§ **WHAT IS NEEDED**:
Give the data again exactly as written, without any of its pictures.

━━━━━━━━━━━━━━━━━━━━

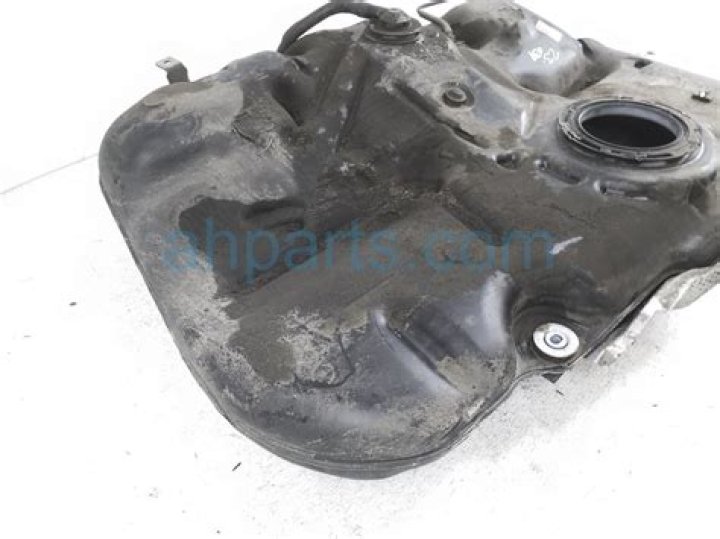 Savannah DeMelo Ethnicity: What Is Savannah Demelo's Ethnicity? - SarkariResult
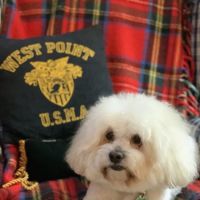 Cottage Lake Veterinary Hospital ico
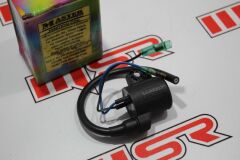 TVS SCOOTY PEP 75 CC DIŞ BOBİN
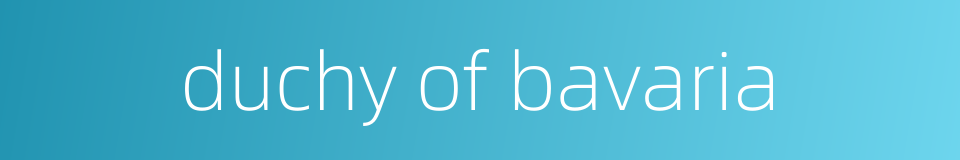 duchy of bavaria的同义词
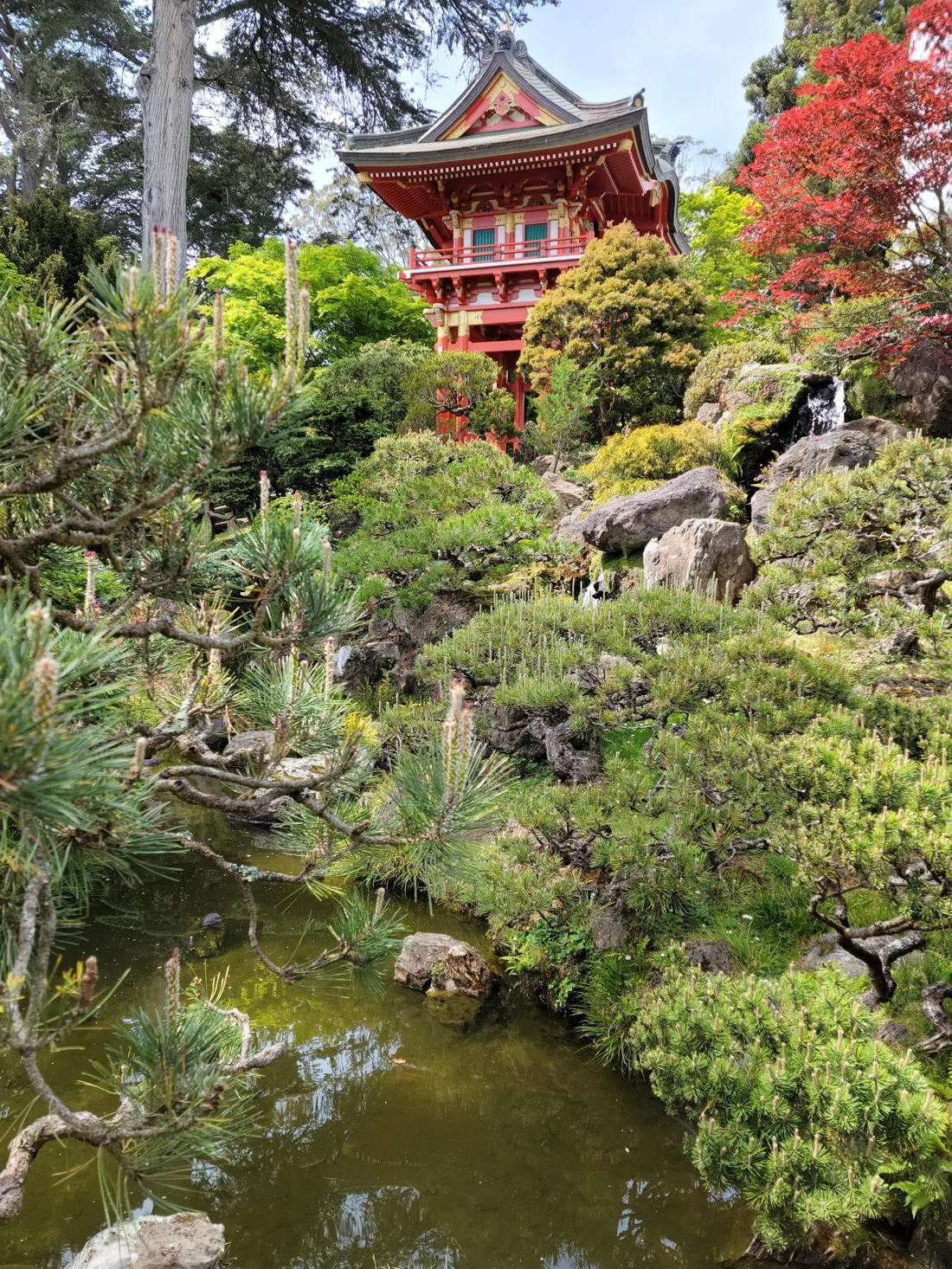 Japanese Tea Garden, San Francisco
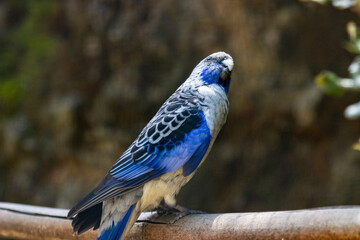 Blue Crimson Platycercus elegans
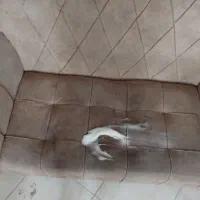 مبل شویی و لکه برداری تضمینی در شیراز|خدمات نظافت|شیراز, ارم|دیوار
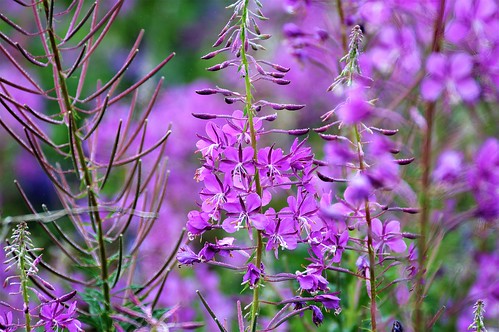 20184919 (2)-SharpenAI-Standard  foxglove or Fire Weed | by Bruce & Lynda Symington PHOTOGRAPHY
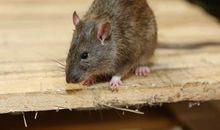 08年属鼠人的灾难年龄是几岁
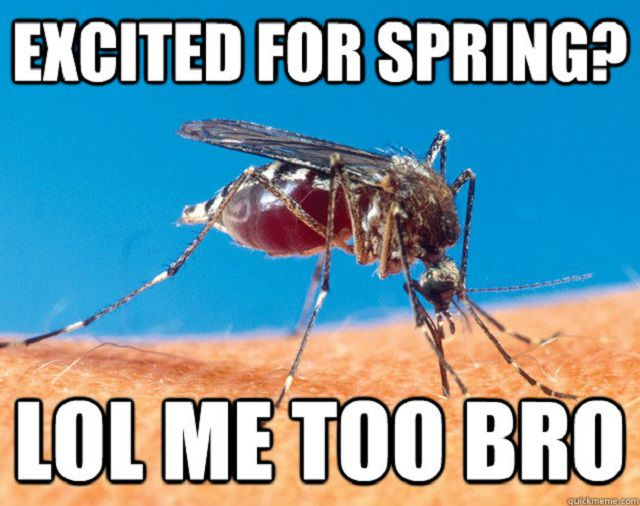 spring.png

━━━━━━━━━━━━━━━━━━━━

§ **RESPONSE AREA**:
 Savannah DeMelo Ethnicity: What Is Savannah Demelo's Ethnicity? - SarkariResult
 Cottage Lake Veterinary Hospital ico
 TVS SCOOTY PEP 75 CC DIŞ BOBİN
 duchy of bavaria的同义词
 Japanese Tea Garden, San Francisco
 Blue Crimson Platycercus elegans
 مبل شویی و لکه برداری تضمینی در شیراز|خدمات نظافت|شیراز, ارم|دیوار
 20184919 (2)-SharpenAI-Standard  foxglove or Fire Weed | by Bruce & Lynda Symington PHOTOGRAPHY
 08年属鼠人的灾难年龄是几岁
 spring.png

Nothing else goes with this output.